So, not only does Surie have to be educated by her midwife, but her trip to buy the vitamins will be a crushing indignity as others will, “giggle.” This is all ridiculous. It is all ridiculous. There are vitamin shops in Williamsburg. No one giggles at Hasidic women in NYC. New York City, let me remind you, is the home of weirdo central.
It is the worst when we learn that Hasidic women give birth silently!
“During her labor with Chaim Tzvi, Val had told her she should make sounds. Heck, she could go ahead and scream if she thought it would help. Sweat broke out under Surie’s turban and streamed from her body. The midwife had encouraged Surie to moo or bellow or cry. Something. Anything.

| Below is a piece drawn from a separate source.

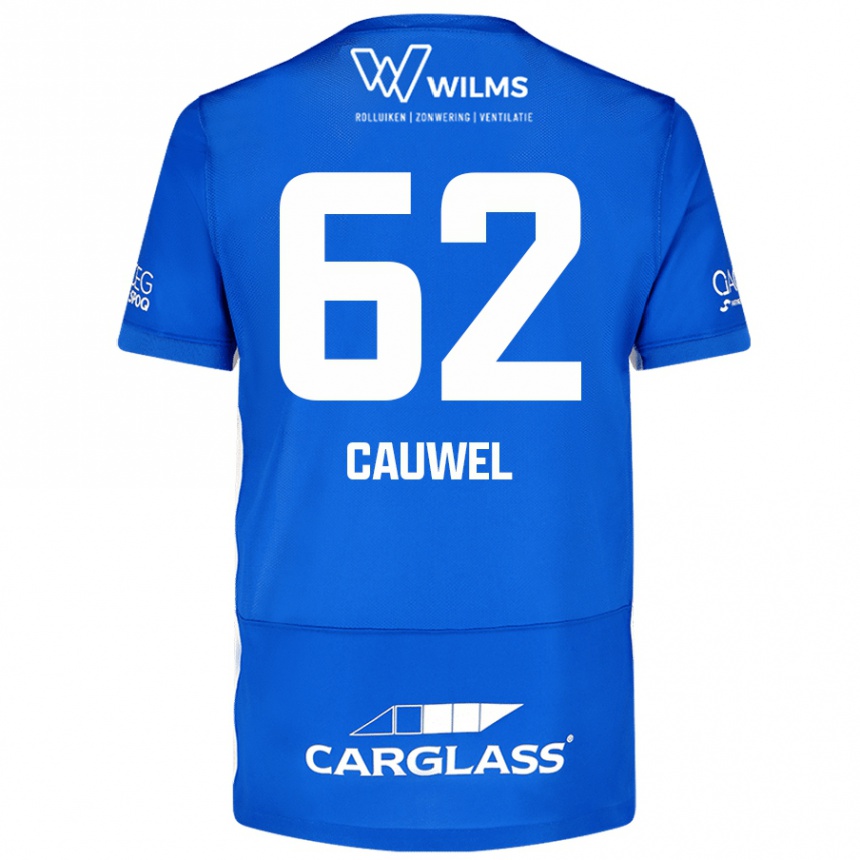 Kids Football Michiel Cauwel #62 Blue Home Jersey 2024/25 T-Shirt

But Surie had remained silent until almost the very end. ‘What is it with you women?’ Val had asked.”
I will tell you what it is with these women: They scream. They are humans, not dead Stepford fantasies. Someone who understood the community AND was a sensitive writer would not have depicted Hasidic women as these religious ghosts.
The parts that depict the community as “positive,” are bad too, because they are not plausible or the real appeal of this way of life. We are shown in Surie’s life, however repressed, a husband who dotes over her and for whom life revolves around their romance. In one scene, the entire family is in the Eckstein house for the Chanukah lighting, but Mrs. Eckstein and her devoted husband are locked in the bedroom with one another! [!]
See, the problem with finding redemption in romantic love is that it misrepresents what is so powerful within this community. In our modern atomized world of nuclear families where we project all the needs for intimacy and comfort predominately on our sole sexual partner, the Williamsburg Hasidic community is a large, robust network of support. A woman like Surie, who had lived a simple life for many years, would not be rejected by her daughter for being pregnant, and would not singularly find ultimate solace in her husband.
In an authentic experience of a “high-risk pregnancy,” the community would have mobilized to do whatever it could to connect Surie with a good doctor. This mobilization, while smothering and invasive on its nastier side, demonstrates the tremendous social support that makes this community shine. The story Goldbloom tells fails to imagine subversive social connections, the quirky or surprising personalities within the community, and the ways in which a Hasidic woman is rewarded for her sacrifices: with support not just from one man, but from a whole meddling village. The soul of what makes this unique world special is missing.
Sol Brenner
Posted at 11:02h, 13 AugustHow do you know Goldie is gay? What ever happened to the guy who gave her 8 kids?
Frieda Vizel
Posted at 11:14h, 13 AugustIt was all over the media when the book came out. Look it up. A quick google brings up lots of articles like this one: https://jewcy.com/weekly-digest/the-big-jewcy-goldie-goldbloom-author-mother-queer-frum-jew
But I don’t remember if at the time the reports were that Goldie was gay or queer and how these two are different.